When your Website Slows Down, Don’t Frown

Turn that frown upside down

It can be a real nail biter to figure out why your site took a turn for the worst. While it may not have intentionally slipped into its sluggish habits, it did. This condition is not forever. You just have to get your site back on track. What trainer will be able to bust your site’s buns back in shape, you ask? The one and only, Deterministic Root Cause Algorithm.

The lean, mean, mathematical fighting machine tracks down the reason for high response time. In an N-tier architecture, the problem can be with the web server, the database server, or other server components. To effectively pinpoint the problem, we determine which server is the source of the high response time. The algorithm traces backwards, checking for a large increase in response time between each server. As soon as the large increase dissipates, we can narrow in on the server, the root cause of the high response time.

Here is the skinny: The slowness initially affects a server. Then, it propagates back toward the web server. We determine which resources had increased usage, and which specific processes were using these resources.

The Technical Details:

Alerts are automatically set up on each server for high response time. We set this to a lightning speed of 1 second for 5 consecutive minutes. As a user, you can then configure the threshold and duration desired.

When the average response time (ART) is calculated for a server, we consider the processes which we have intercepted and summarized. We want to get an accurate picture, so we only consider connections where that machine is the server, and not ones where it is a client. Once we see the impact on the server, we can fine tune the alert so the issue does not affect the connecting clients.

The Algorithm:

Let’s break it down:

1. If the threshold is reached for the length of the set duration, an alert will be triggered. We compare the ART for each minute of the duration to the ART for the previous hour. This allows us to calculate the ART over all connections to the server. If the ART for each minute is 50% higher than it was in the preceding hour, the root cause algorithm is in play. However, if this happens to not be the case, we trigger a normal resource alert, similar to alerts on high memory and CPU.

2. From the alerts sent on the initial server, we trace back to the connections. This machine serves as a client to other servers. For example, if the initial server is A, and it connects to a server B, then we get the ART for server B when server A is connected to it. If the value for each minute of the duration is at least 25% more than in the previous hour, we trace back to server B. But, if it is not the case, (you got it), it is the root cause.

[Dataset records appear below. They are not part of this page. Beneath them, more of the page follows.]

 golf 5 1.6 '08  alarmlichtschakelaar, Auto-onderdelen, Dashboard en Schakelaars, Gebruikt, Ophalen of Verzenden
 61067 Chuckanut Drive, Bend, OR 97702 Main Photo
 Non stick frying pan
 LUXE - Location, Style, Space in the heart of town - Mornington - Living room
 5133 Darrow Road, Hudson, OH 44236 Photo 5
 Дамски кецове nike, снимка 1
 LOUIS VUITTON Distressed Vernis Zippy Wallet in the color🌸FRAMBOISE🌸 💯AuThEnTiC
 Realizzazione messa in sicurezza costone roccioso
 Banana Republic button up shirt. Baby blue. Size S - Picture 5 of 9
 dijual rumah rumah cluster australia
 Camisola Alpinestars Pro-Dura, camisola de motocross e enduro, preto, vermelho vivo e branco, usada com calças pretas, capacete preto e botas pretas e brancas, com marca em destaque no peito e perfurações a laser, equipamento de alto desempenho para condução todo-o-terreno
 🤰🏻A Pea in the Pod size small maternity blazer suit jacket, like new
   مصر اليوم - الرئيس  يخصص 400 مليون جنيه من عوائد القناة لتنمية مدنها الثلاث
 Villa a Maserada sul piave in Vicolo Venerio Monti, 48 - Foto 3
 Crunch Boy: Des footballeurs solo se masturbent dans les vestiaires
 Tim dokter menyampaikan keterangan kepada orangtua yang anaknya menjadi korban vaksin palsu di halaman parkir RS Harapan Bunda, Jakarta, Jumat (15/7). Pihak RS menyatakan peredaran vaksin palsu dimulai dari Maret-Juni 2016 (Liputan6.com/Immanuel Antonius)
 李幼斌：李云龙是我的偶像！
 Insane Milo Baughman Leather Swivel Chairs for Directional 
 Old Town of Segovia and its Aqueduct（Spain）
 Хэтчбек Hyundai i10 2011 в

3. If there are multiple servers to trace, which all have a 25% increase in response time, we follow every path. This can result in multiple root cause servers and/or multiple paths to a single root cause server. You want the report on all of them? You got it! If there are more than three paths to a server at the end of running the algorithm and we are not confident of the cause, we will keep you in the loop with a regular resource alert email until we can identify the cause.

4. Once we determine the root cause(s), we examine resource usage on the root cause server. We determine which resources had a large percent increase in usage. Then for each of these resources, we find which processes had the largest usage increase. Knowing this, we can report, for each root cause server, which resources had a large usage increase and which specific processes are the root cause.

Limitations:

As with everything, there is always a limitation. The ART is calculated based on the collected data from intercepted and summarized processes. But, if server processes are not intercepted, things just do not add up. Therefore, too many short-lived processes cannot be summarized. You can count on us to crunch the numbers and isolate the problem if we can.

This kind of limitation exists with the Postgres database. Because so much work is done in short lived processes, we often cannot record any ART value for Postgres. If the problem is with this database, there would be no way to trace it.

While we cannot guarantee that the resources and processes mentioned above are the root cause, we have a hunch that it is the case. And if not, we will not stop until we find it.

The Formula:

The greater increase in response time and resource usage, the more likely it will lead us to the accurate root cause.